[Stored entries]
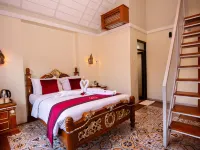 Briggs Inn Batu Hotels in Junrejo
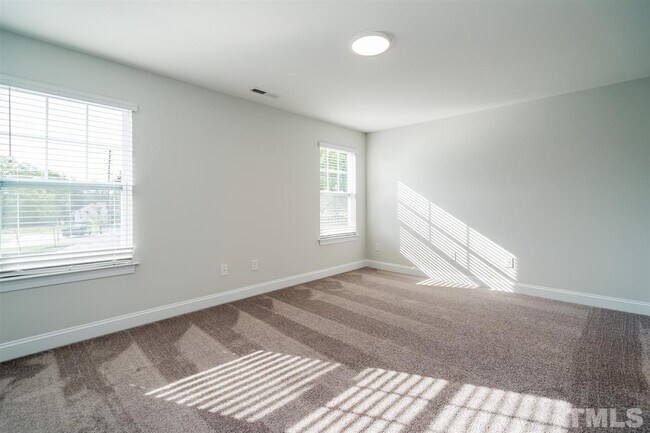 Building Photo - 2819 Dallas Valley Ln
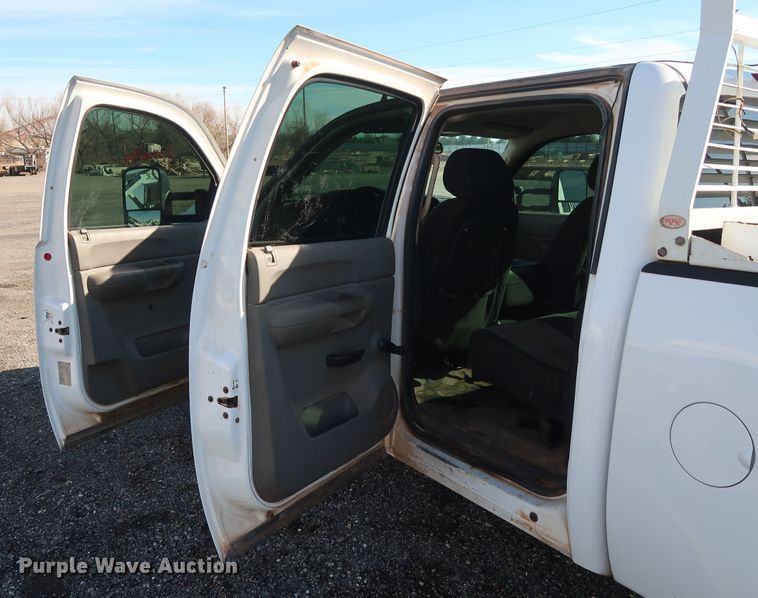 image for item GD9947 2009 Chevrolet Silverado 2500HD LS Crew Cab pickup truck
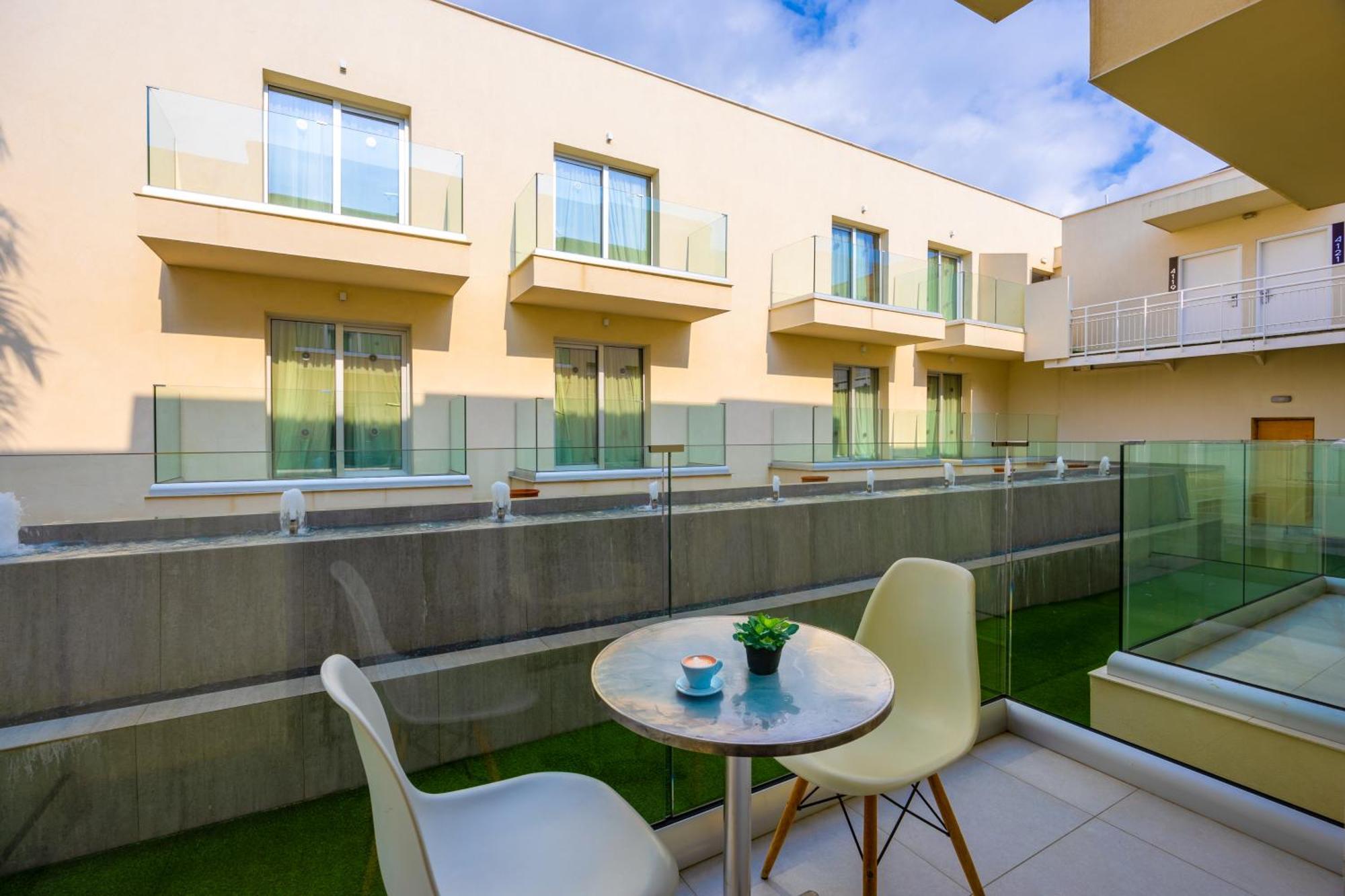 Melpo Antia Hotel & Suites Agia Napa Exterior foto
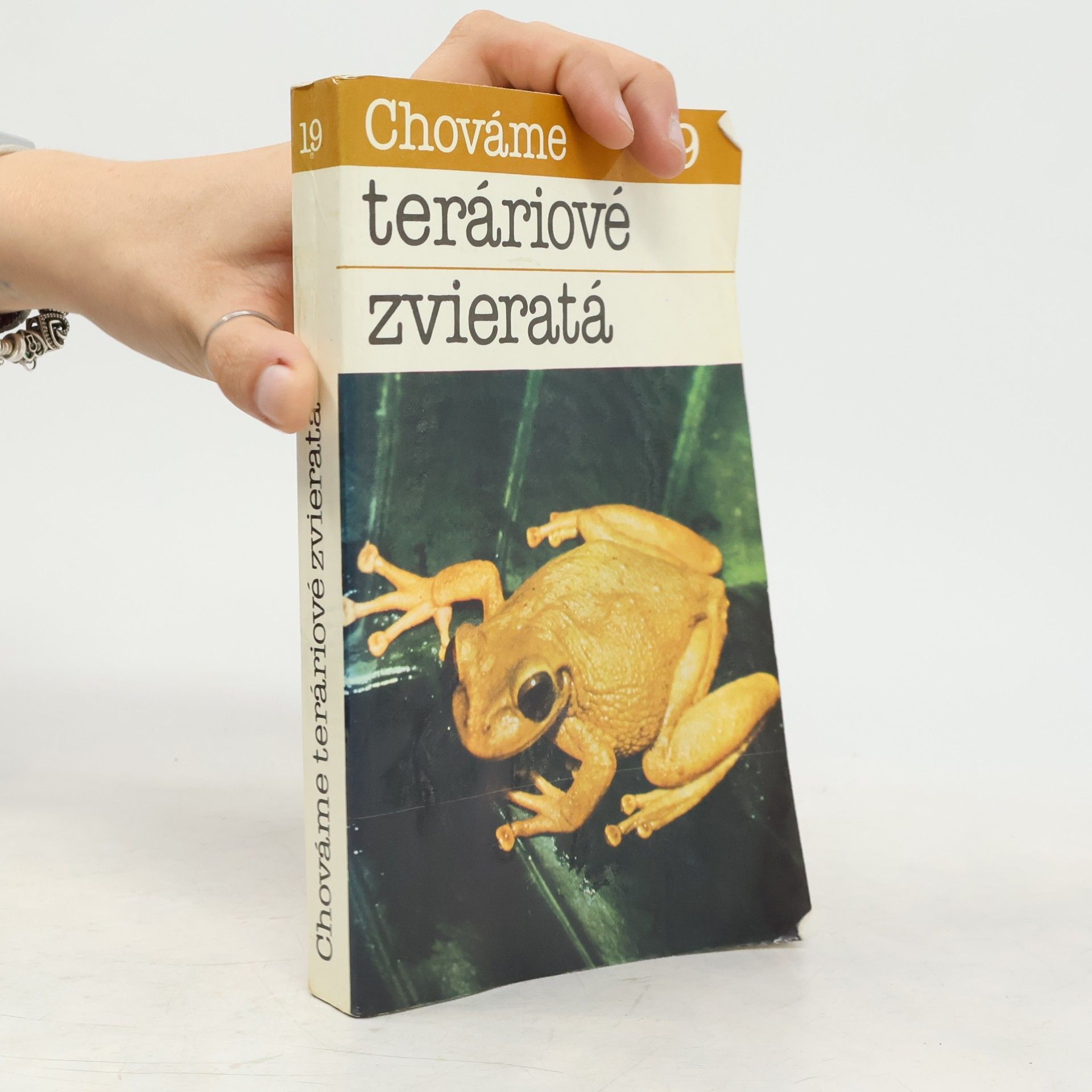 Kolektiv autorů Chováme teráriové zvierata
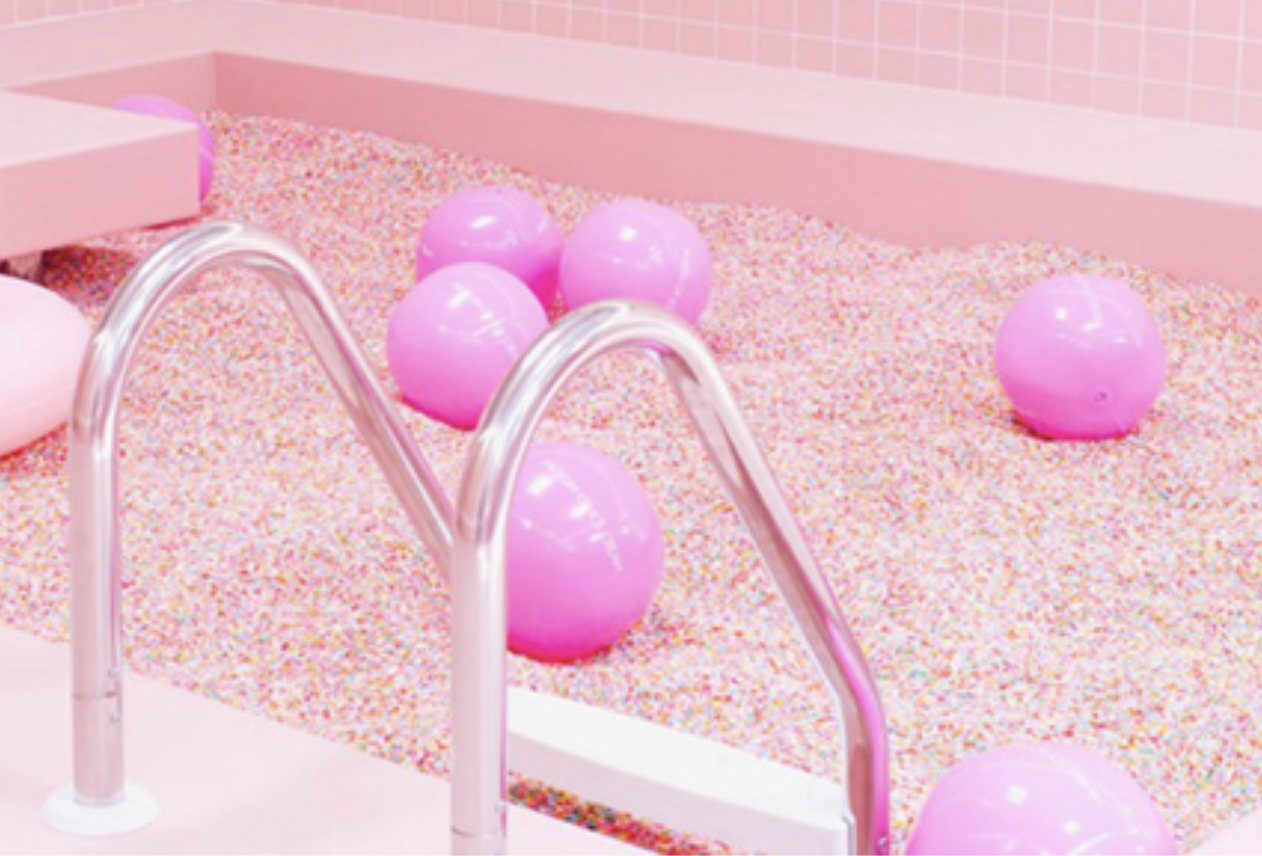 Photo of a pink pool filled with konfetti and balls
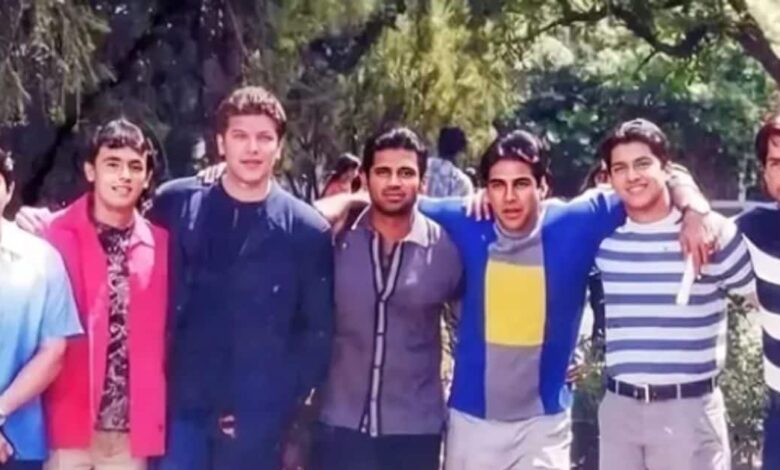 हीरो बनने आया 6 फीट 3 इंच की हाईट वाला एक्टर, विलेन बनकर छाया, सुपरस्टार्स संग किया काम फिर भी पीछे छूट करियर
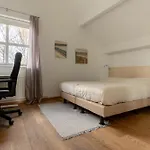 & * Julianadorp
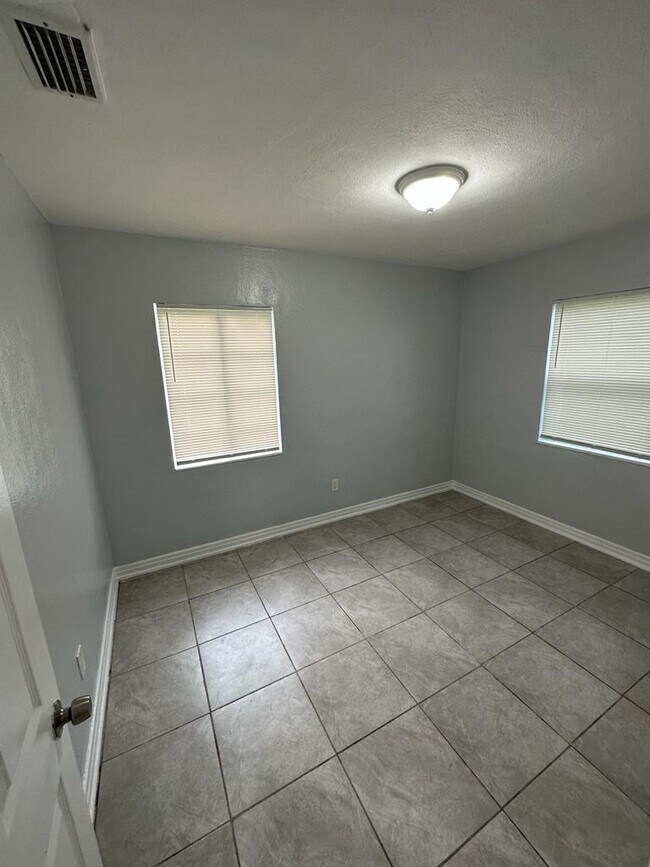 Building Photo - 3553 Centerhill Dr N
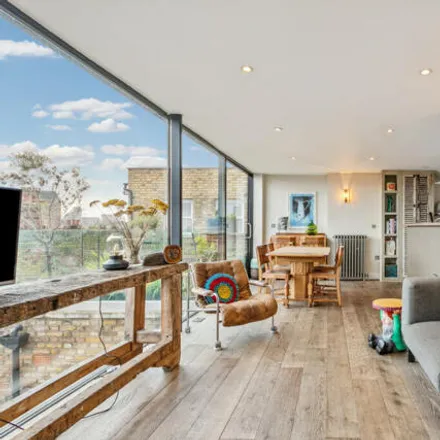 Rent this 1 bed room on Cambridge Road in London, SW11 4RR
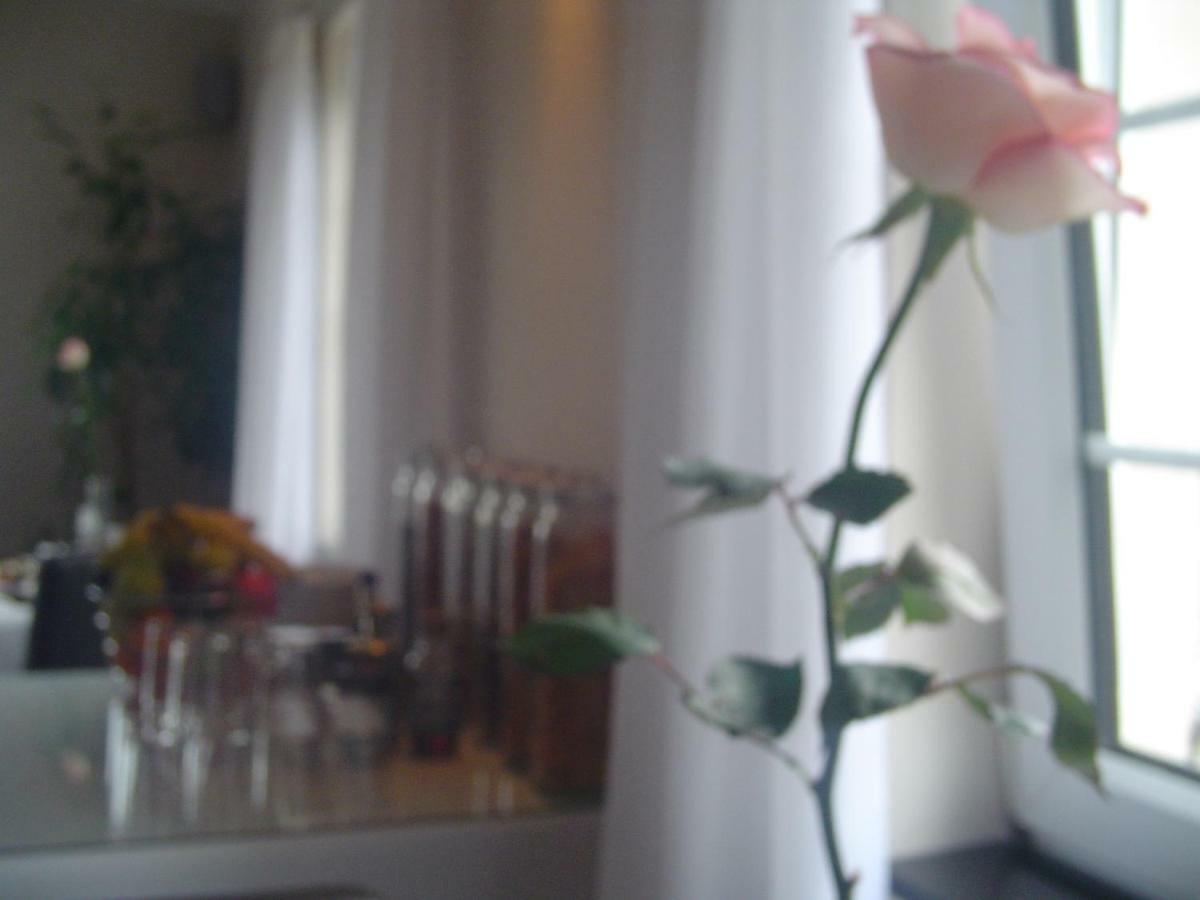 Aaron Glen Guest House Loanhead ภายนอก รูปภาพ
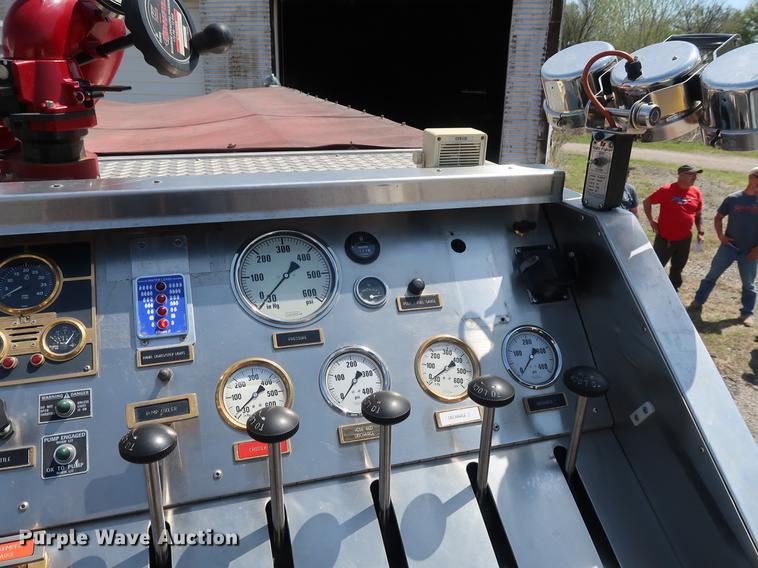 image for item DF3677 1995 Freightliner FL70 fire truck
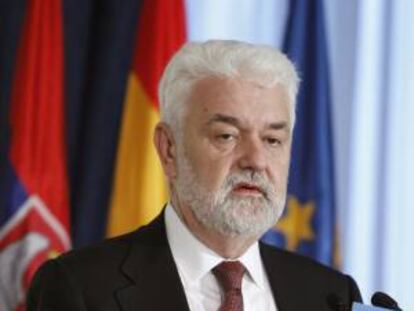 El primer ministro y ministro de Finanzas de Serbia, Mirko Cvetkovic. EFE/Archivo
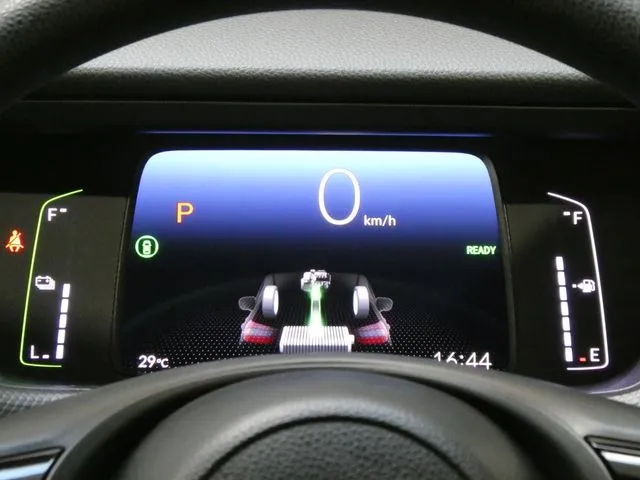 ホンダ　フィット　ｅ：ＨＥＶ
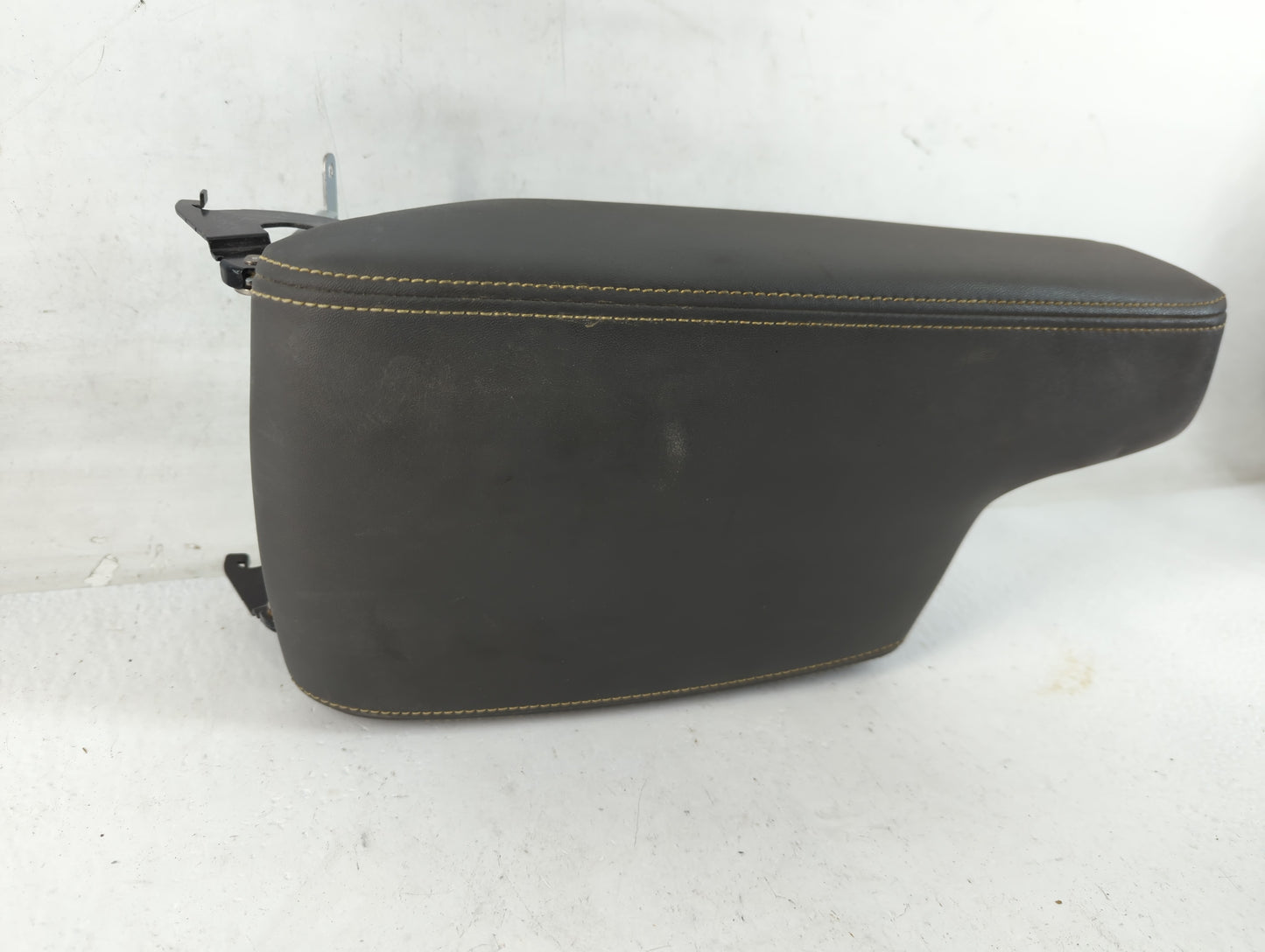 2021 Subaru Xv Center Console Armrest Cover Lid Fits OEM Used Auto Parts - Oemusedautoparts1.com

Goal of the exercise ▸
In the answer, give only the lines from the one containing "Kolektiv autorů Chováme teráriové zvierata" through the end of the records above, each reproduced exactly. Include no pictures.

Your response ▸
 Kolektiv autorů Chováme teráriové zvierata
 Photo of a pink pool filled with konfetti and balls
 हीरो बनने आया 6 फीट 3 इंच की हाईट वाला एक्टर, विलेन बनकर छाया, सुपरस्टार्स संग किया काम फिर भी पीछे छूट करियर
 & * Julianadorp
 Building Photo - 3553 Centerhill Dr N
 Rent this 1 bed room on Cambridge Road in London, SW11 4RR
 Aaron Glen Guest House Loanhead ภายนอก รูปภาพ
 image for item DF3677 1995 Freightliner FL70 fire truck
 El primer ministro y ministro de Finanzas de Serbia, Mirko Cvetkovic. EFE/Archivo
 ホンダ　フィット　ｅ：ＨＥＶ
 2021 Subaru Xv Center Console Armrest Cover Lid Fits OEM Used Auto Parts - Oemusedautoparts1.com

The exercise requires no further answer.